'MalformedInputException' when rebuilding the Did You Mean Search Index
The following error is thrown when trying to rebuild the Did You Mean search index in Confluence:
[6/29/09 23:39:13:673 CDT] 0000002e SystemOut O 2009-06-29 23:39:13,671 ERROR [Did-You-Mean-Index-Build-Thread] [search.didyoumean.lucene.FullIndexBuilder] indexWordsFromBundledDictionary Error reading from bundled dictionary file: words.zip. -- referer: http://localhost:9080/confluence/admin/search-indexes.action | url: /confluence/admin/didyoumean/build-index.action | userName: admin | action: build-index sun.io.MalformedInputException at sun.io.ByteToCharUTF8.convert(ByteToCharUTF8.java:278) at sun.nio.cs.StreamDecoder$ConverterSD.convertInto(StreamDecoder.java:314) at sun.nio.cs.StreamDecoder$ConverterSD.implRead(StreamDecoder.java:364) at sun.nio.cs.StreamDecoder.read(StreamDecoder.java:250) at java.io.InputStreamReader.read(InputStreamReader.java:212) at java.io.BufferedReader.fill(BufferedReader.java:157) at java.io.BufferedReader.readLine(BufferedReader.java:320) at java.io.BufferedReader.readLine(BufferedReader.java:383) at com.atlassian.confluence.search.didyoumean.lucene.FullIndexBuilder.indexWordsFromBundledDictionary(FullIndexBuilder.java:188) at com.atlassian.confluence.search.didyoumean.lucene.FullIndexBuilder.build(FullIndexBuilder.java:92) at com.atlassian.confluence.search.didyoumean.BuildIndexTask.run(BuildIndexTask.java:39)

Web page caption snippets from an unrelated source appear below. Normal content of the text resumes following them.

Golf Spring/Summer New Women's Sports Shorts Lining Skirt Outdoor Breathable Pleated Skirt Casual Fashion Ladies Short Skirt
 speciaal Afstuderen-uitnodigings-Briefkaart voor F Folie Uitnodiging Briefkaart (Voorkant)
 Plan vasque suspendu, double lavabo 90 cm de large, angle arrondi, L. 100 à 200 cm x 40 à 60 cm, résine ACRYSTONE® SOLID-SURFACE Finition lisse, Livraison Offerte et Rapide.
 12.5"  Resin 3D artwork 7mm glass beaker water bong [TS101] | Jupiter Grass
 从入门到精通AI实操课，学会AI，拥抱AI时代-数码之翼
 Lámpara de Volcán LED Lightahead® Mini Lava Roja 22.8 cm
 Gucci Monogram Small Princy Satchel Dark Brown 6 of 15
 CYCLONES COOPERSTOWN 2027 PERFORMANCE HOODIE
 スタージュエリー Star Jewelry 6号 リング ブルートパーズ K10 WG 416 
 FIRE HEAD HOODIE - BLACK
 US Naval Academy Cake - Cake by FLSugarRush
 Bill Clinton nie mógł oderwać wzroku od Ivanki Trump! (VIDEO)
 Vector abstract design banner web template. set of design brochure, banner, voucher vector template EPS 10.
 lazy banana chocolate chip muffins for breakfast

The admin screen however displays that the index was rebuilt successfully in 0 seconds but the did you mean search suggestions are not available.
If your system locale is using a UTF-8 encoding, some SDK tools might throw a sun.io.MalformedInputException. To find out whether your system is using a UTF-8 encoding, examine the locale-specific environment variables such as LANG or LC_ALL to see if they end with the suffix ".UTF-8". If you get this sun.io.MalformedInputException, change characters that are not within the 7-bit ASCII range (0x00 - 0x7f) and are not represented as Java Unicode character literals to Java Unicode character literals (for example: '\u0080'). You can also work around this problem by removing the ".UTF-8" suffix from the locale-specific environment variables; for example, if your machine has default locale of "en_US.UTF-8", set LANG to "en_US".
Some distributions of Red Hat, including Red Hat 9 and RHEL3, use UTF-8 encoding by default.
Remove the ".UTF-8" suffix from the Operating System's locale specific environment variable (see above).
Please bear in mind that IBM JDK is not included in Supported Platform. If it caused a performance problem, please migrate to the supported Java, which is Oracle JDK, and we would like to recommend you to use Java 1.6.0_26 onwards. Please refer to: Installing Java for Confluence.